[Raw data Boundary: Start]

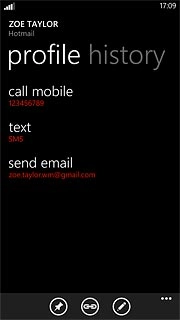 Press the merge icon.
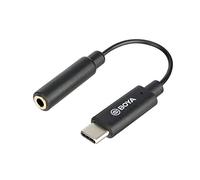 BoyaMic BOYA BY-K6 3.5mm TRS Female to Type-C Male Audio Adapter for DJI OSMO POCKET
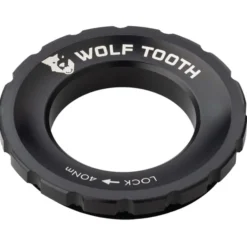 Ghiera Centerlock WolfTooth - Nero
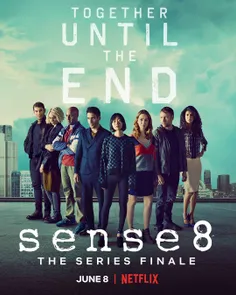 قسمت پایانی سریال sense8 که یه اپیزود دو ساعته خواهد بود 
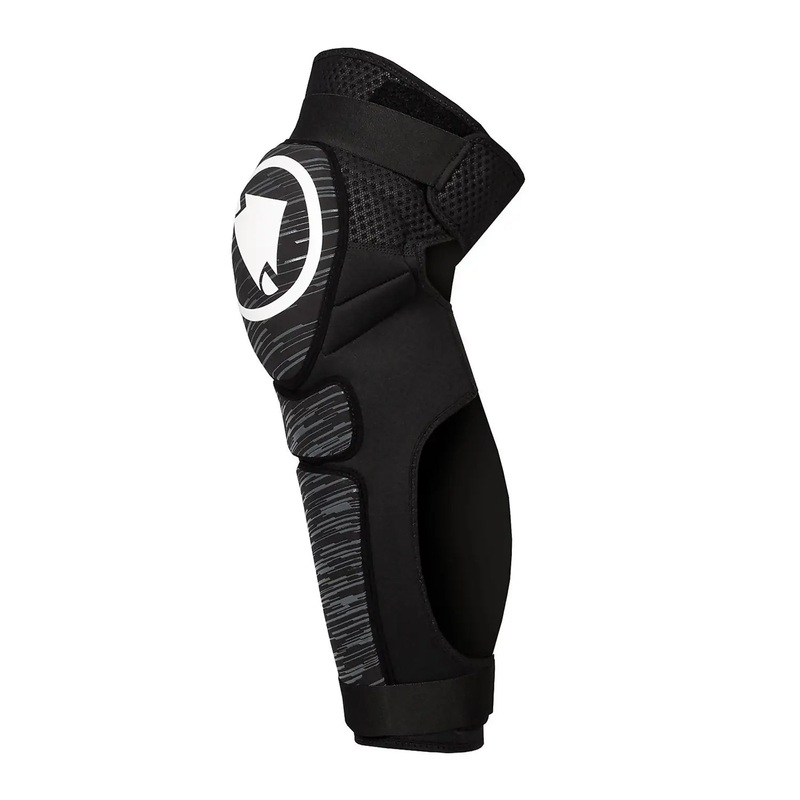 Kneeler Endura Shin Protector Singletrack II Black S/M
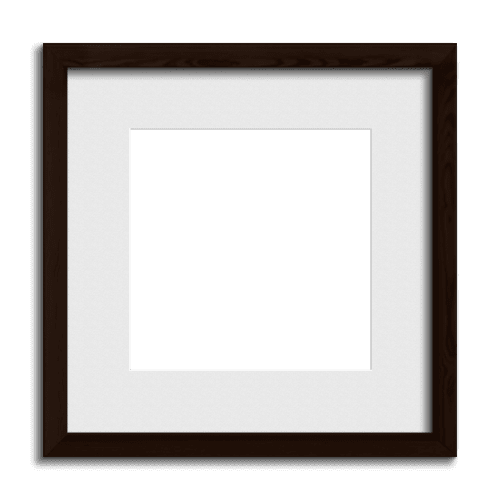 Gallery Frame // Espresso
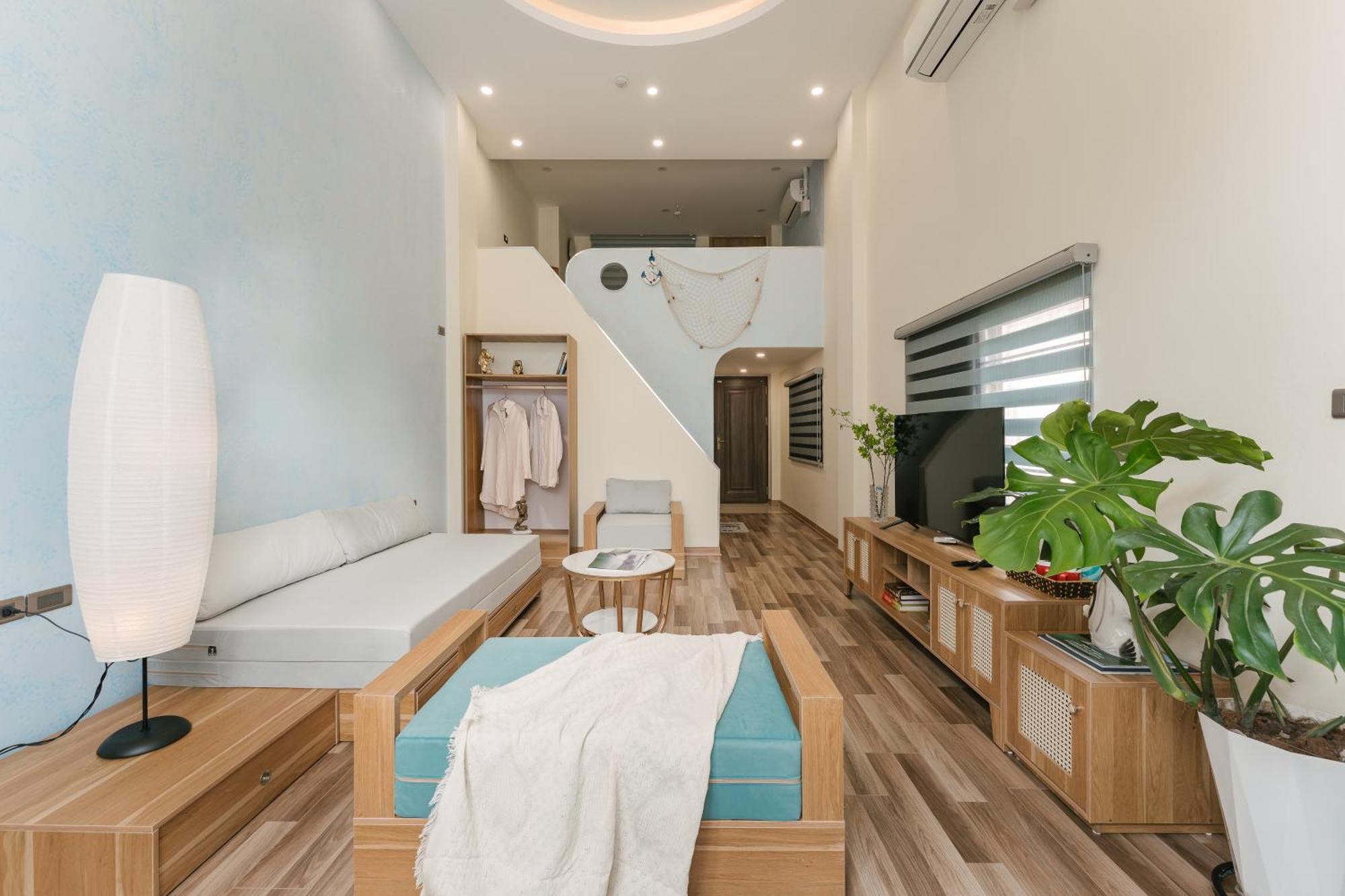 Tamundi Train Street View- Dong Xuan Market Apartment *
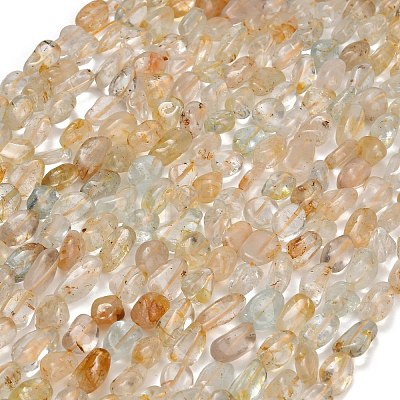 Natural Topaz Beads Strands G-D108-A04-04-1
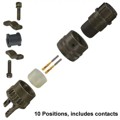 PT06SE-12-10S(470) - CONN PLUG FMALE 10POS GOLD CRIMP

[Raw data Boundary: End]

● What to do
Your task is to give again, unchanged, the lines from the line that contains "Kneeler Endura Shin" to the end of the records. Include both end lines but no pictures.

● Result of this task
 Kneeler Endura Shin Protector Singletrack II Black S/M
 Gallery Frame // Espresso
 Tamundi Train Street View- Dong Xuan Market Apartment *
 Natural Topaz Beads Strands G-D108-A04-04-1
 PT06SE-12-10S(470) - CONN PLUG FMALE 10POS GOLD CRIMP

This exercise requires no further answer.